■ Prompt: Print the entries below exactly as they appear, from the first line up to and including the line with "Aperturee - Aperturee". Do not print any pictures.

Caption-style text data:

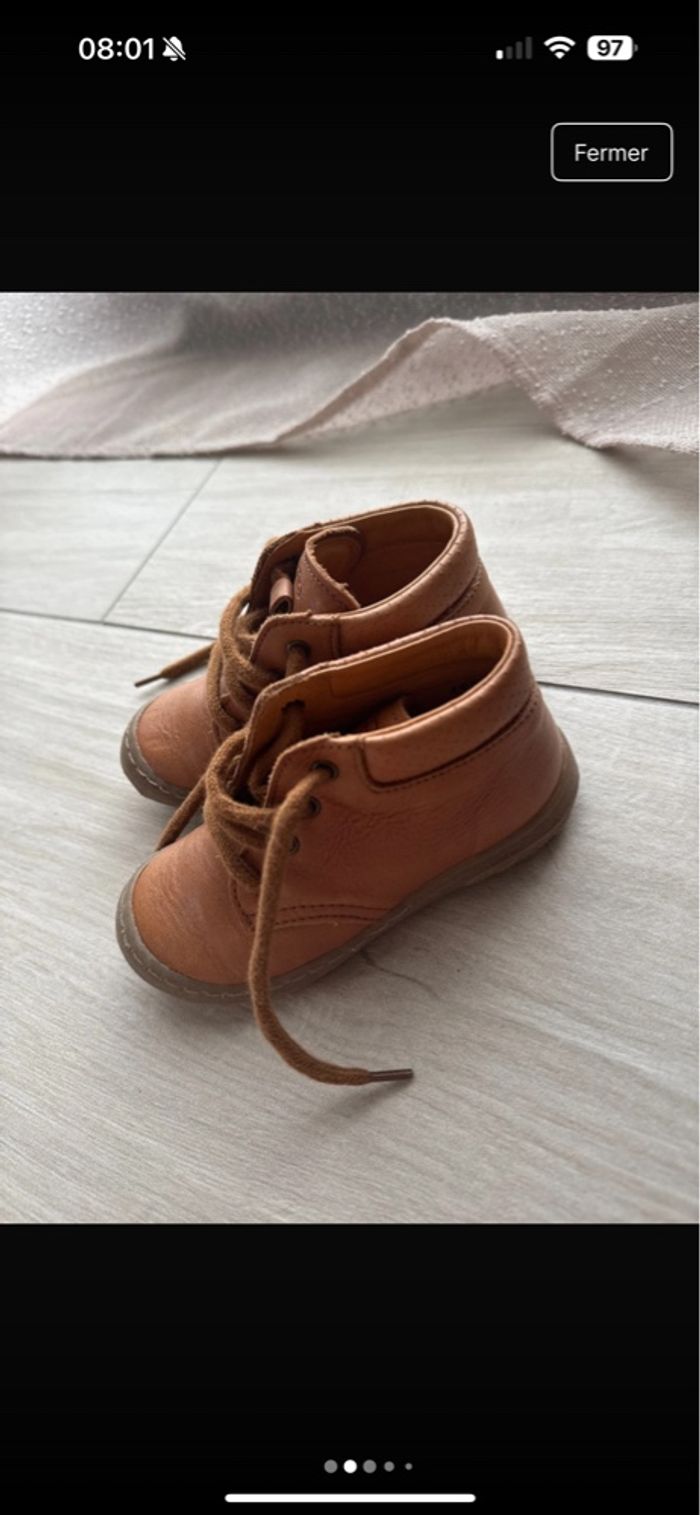 Chaussure froddo - photo numéro 3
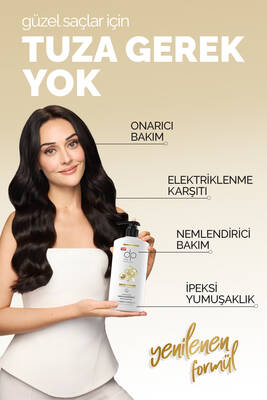 dp Daily Perfection Şampuan Pamuk Sütlü 500 ml - 6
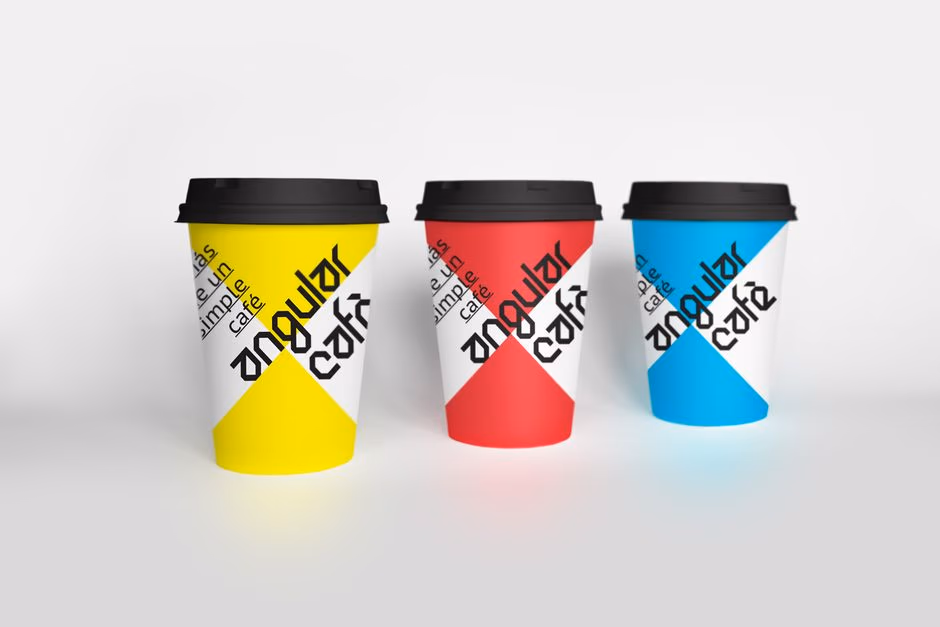 Angular Cafe presentation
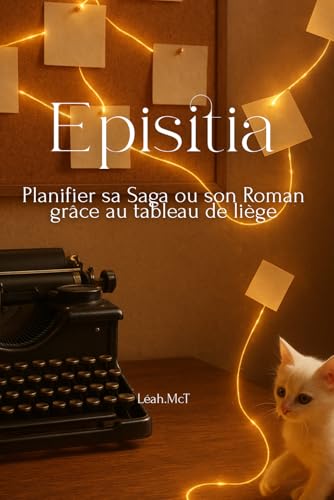Episitia, Planifier sa Saga ou son Roman grâce au tableau de liège – Vignette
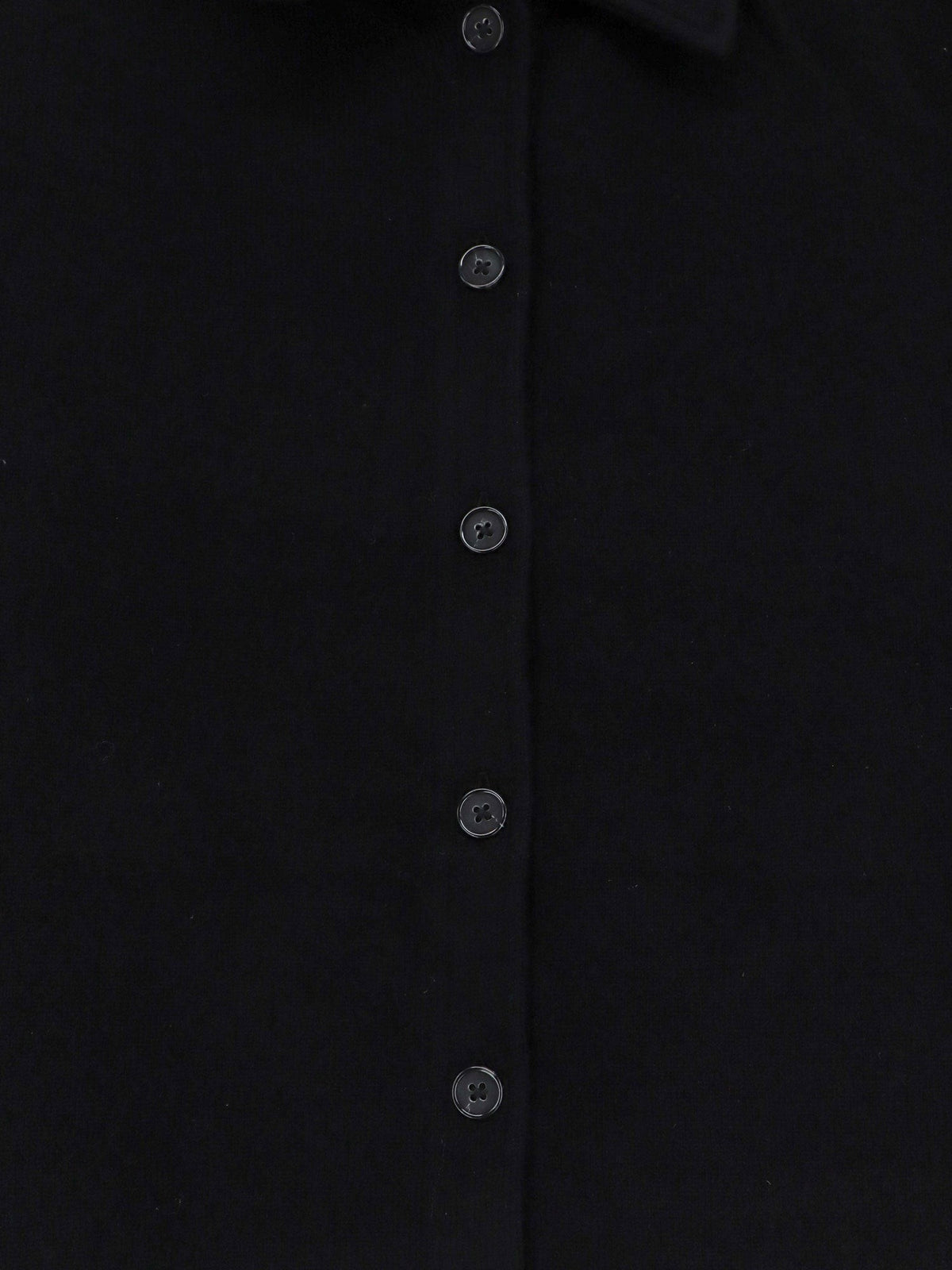 Toteme Women's Cashmere Cardigan Black, view 3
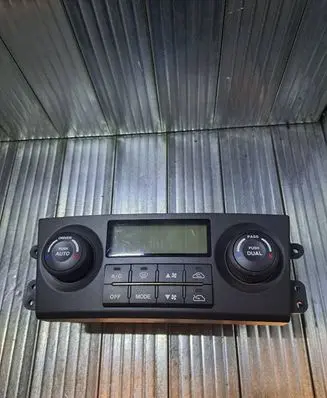 KIA Sorento Climate control unit 972503E260 F8310011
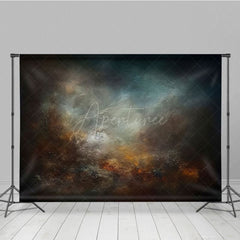 Aperturee - Aperturee Old Master Overlay Retro Backdrop For Photography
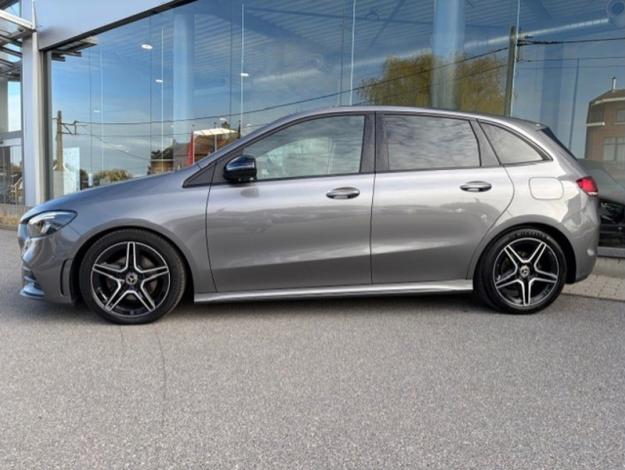 MERCEDES-BENZ B-Klasse B 180 d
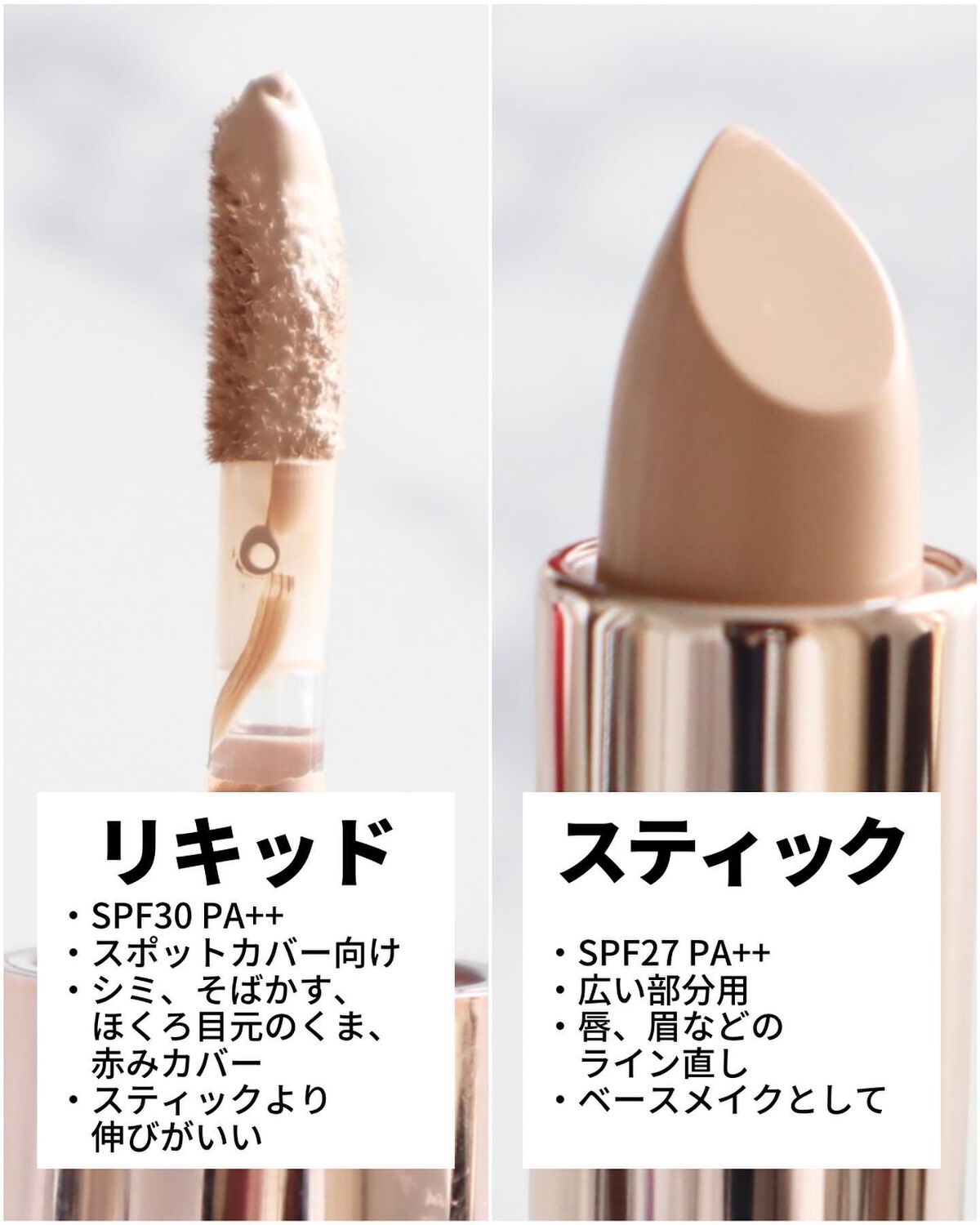 マスクフィットオールカバーデュアルコンシーラー/TIRTIR(ティルティル)/コンシーラーを使ったクチコミ(5枚目)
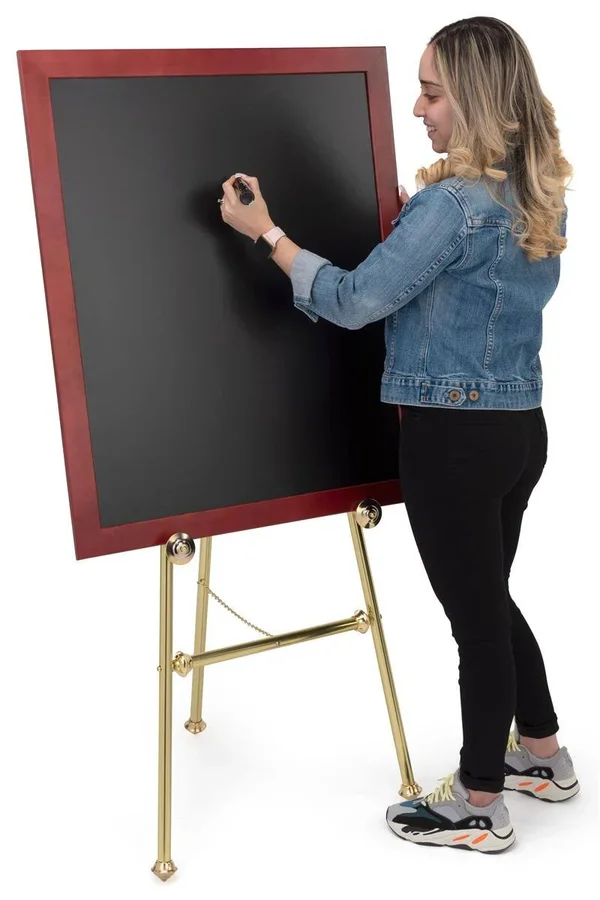 Stanrite 650 Brass Easel Display Easel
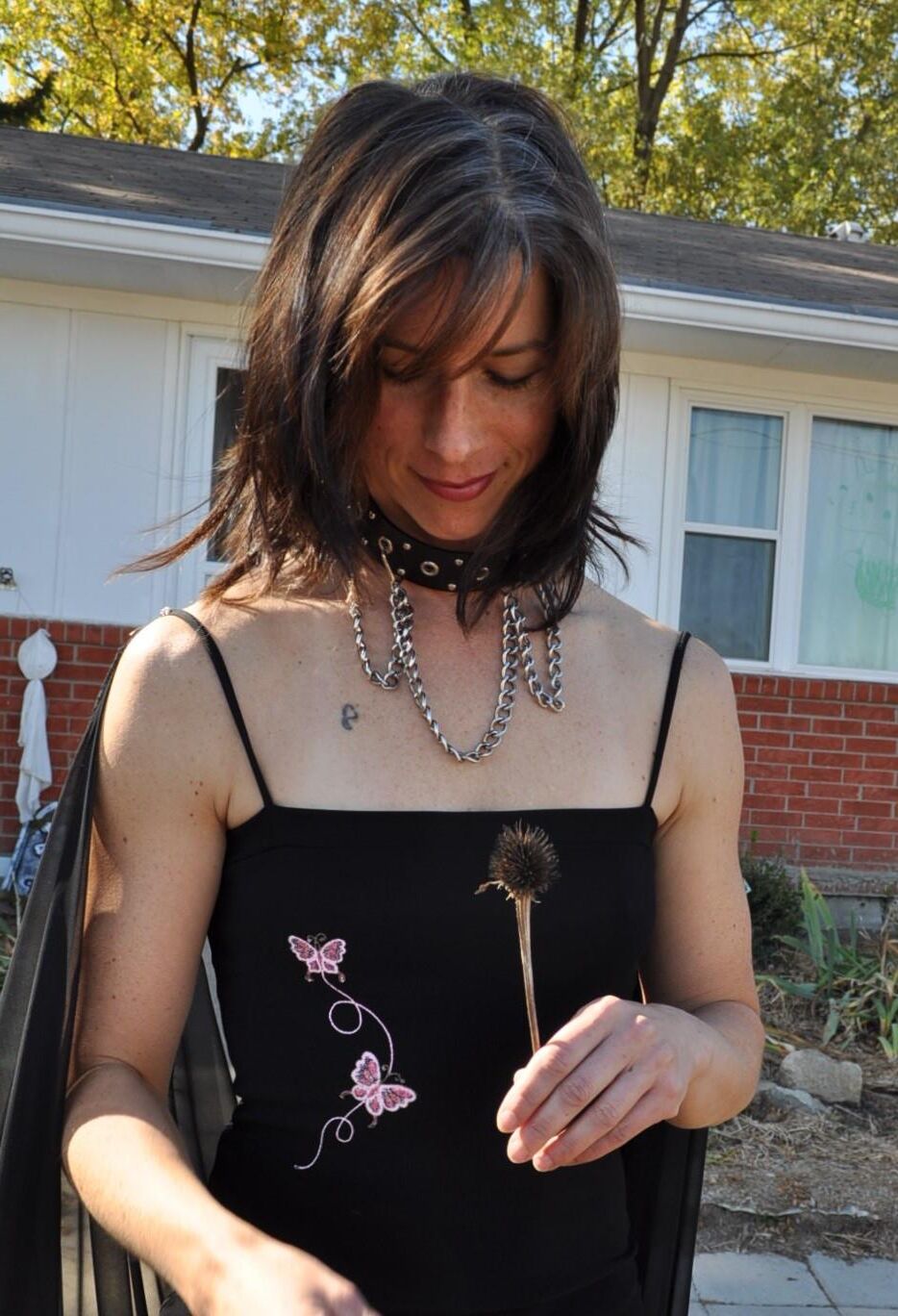 gothic wife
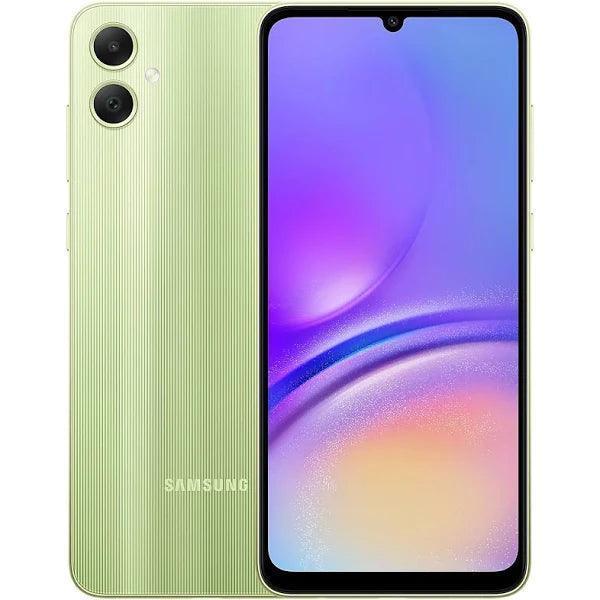 Samsung Galaxy A05 (Light Green, 4GB, 64GB Storage) Preowned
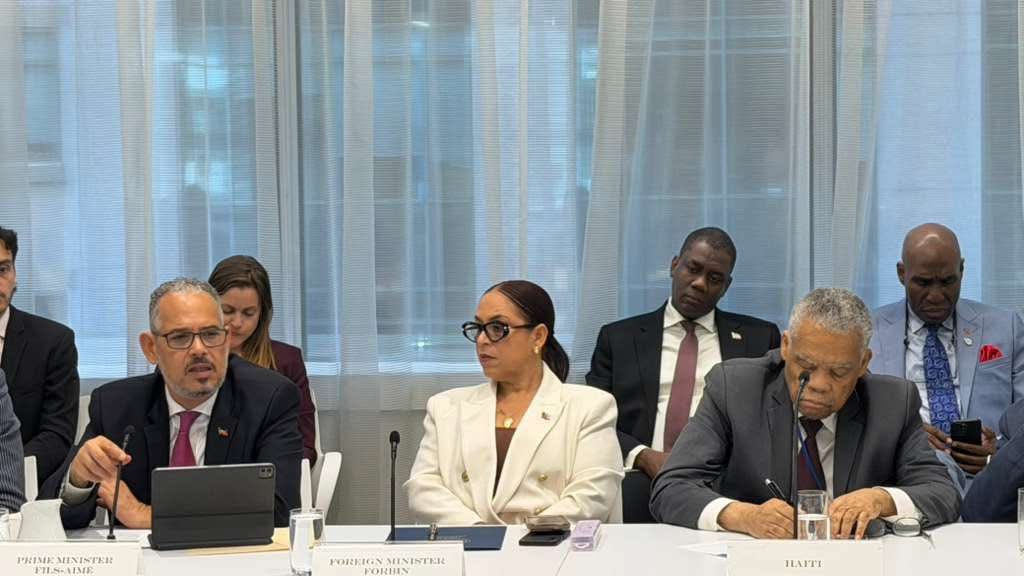 Haïti mobilise ses partenaires internationaux pour renforcer la sécurité et relancer le processus électoral
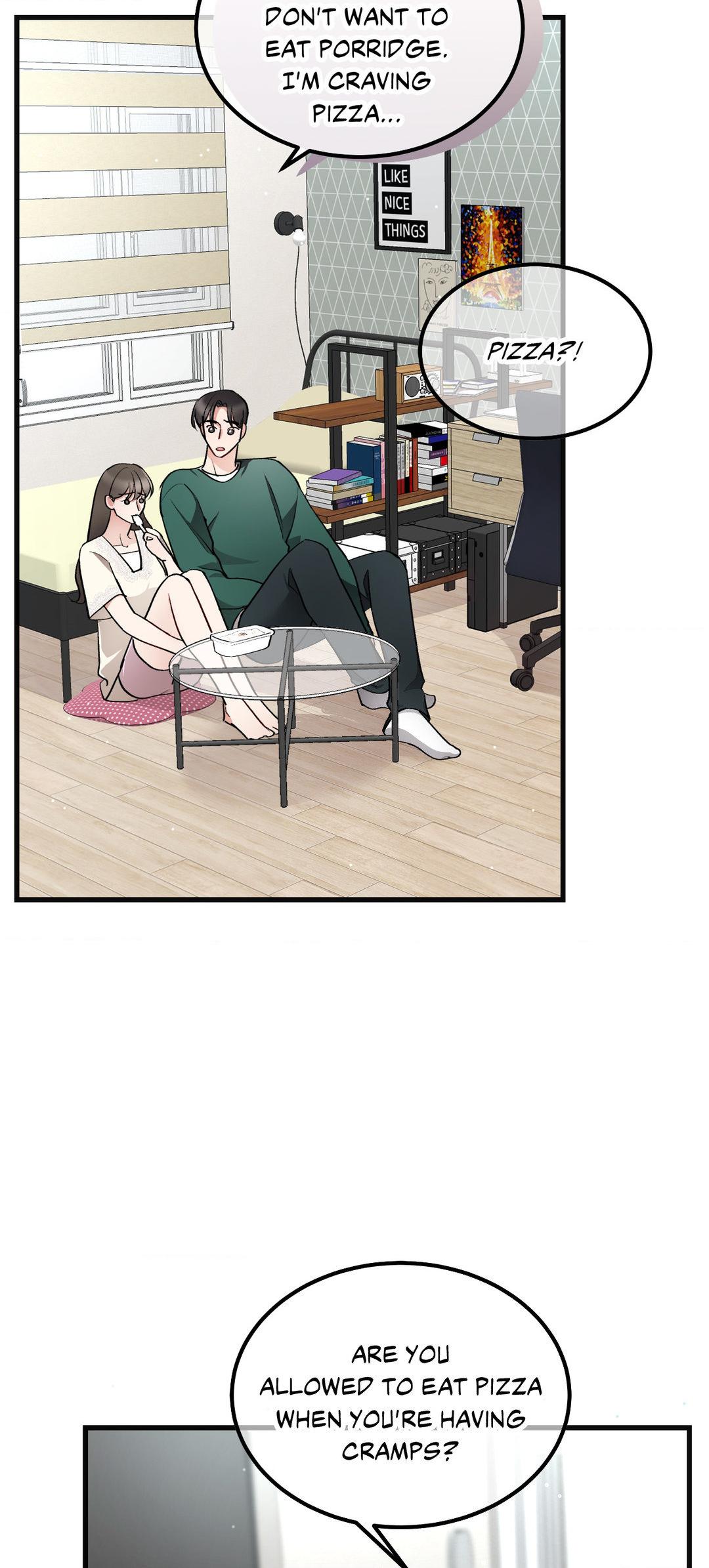 Can I Touch You? Chapter 12 - Page 42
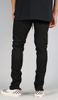 Black Zipper Pant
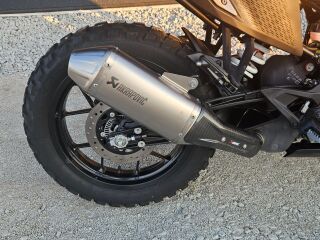 KTM 390 Adventure 32кВ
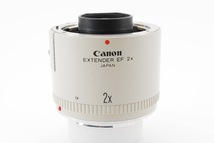 ★外観極上★ キャノン CANON EXTENDER EF 2X #0807 ##617141 #0849_画像9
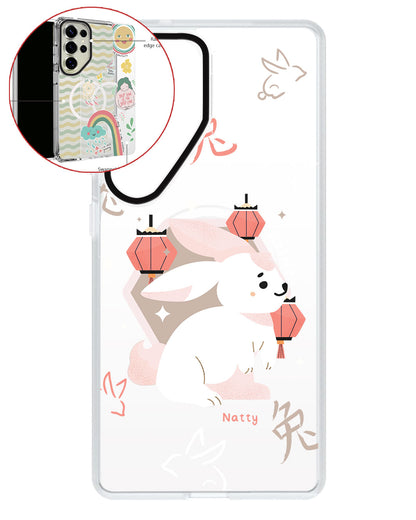 Magsafe Swappable Plate - Rabbit (Chinese Zodiac / Shio)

■ Your response:
 Chaussure froddo - photo numéro 3
 dp Daily Perfection Şampuan Pamuk Sütlü 500 ml - 6
 Angular Cafe presentation
Episitia, Planifier sa Saga ou son Roman grâce au tableau de liège – Vignette
 Toteme Women's Cashmere Cardigan Black, view 3
 KIA Sorento Climate control unit 972503E260 F8310011
 Aperturee - Aperturee Old Master Overlay Retro Backdrop For Photography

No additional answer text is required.